5 The main lithotectonic units of the British Isles
In previous sections, it was revealed that in the British Isles, the Phanerozoic era was punctuated by two major tectonic periods referred to as the Caledonian and Variscan Orogenies. Both events involved the collision of continental plates, resulting in extensive crustal thickening and isostatic uplift. Over time, the mountain chains formed by these collisions underwent rapid erosion, so that during times of sea-level highs, the sea inundated the land. This allowed new sedimentary units to be deposited, separated from the underlying deformed rocks by a major unconformity, representing a significant change in the tectonic and lithological history of the area. Figure 10 illustrates the steps involved in the formation of such an unconformity, examples of which can be found marking specific episodes in the geological history of the British Isles.

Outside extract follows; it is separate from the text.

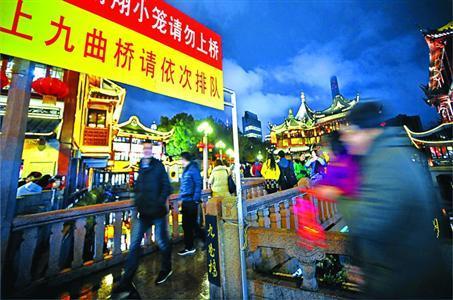 申城豫園取消元宵燈會(huì) 湯團(tuán)店比九曲橋更“鬧猛”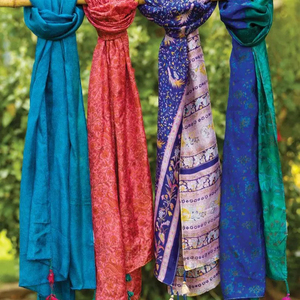 Women Fashionable <b>Silk</b> Scarves Shawls Smooth Lightweight Fabric Decorative Floral Print Elegant Neck Shoulder <b>Head</b> <b>Wrap</b> - Product Image 3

Using this model, the geological history of the British Isles can be interpreted in terms of a series of distinct orogenic units and their overlying covering units. By doing this, the whole of the British Isles geological history can be simplified into five main units – the Precambrian and Lower Palaeozoic Basement, the Caledonian Orogenic Belt, the Older Cover, the Variscan Orogenic Belt and the Younger Cover (see Figure 9). Although these units each have a distinct geological history based on lithology and tectonic structures, they do not correlate with distinct geological periods. Instead, these five units are referred to as lithotectonic units.
Note that ‘Basement’ (with capital ‘B’) implies the Precambrian and Lower Palaeozoic Basement in the sense used in this section, whereas ‘basement’ (with lower case ‘b’) is used to indicate any other rocks underlying a covering lithotectonic unit. For example, the orogenic belt in Figure 10 could be referred to as basement, regardless of its age.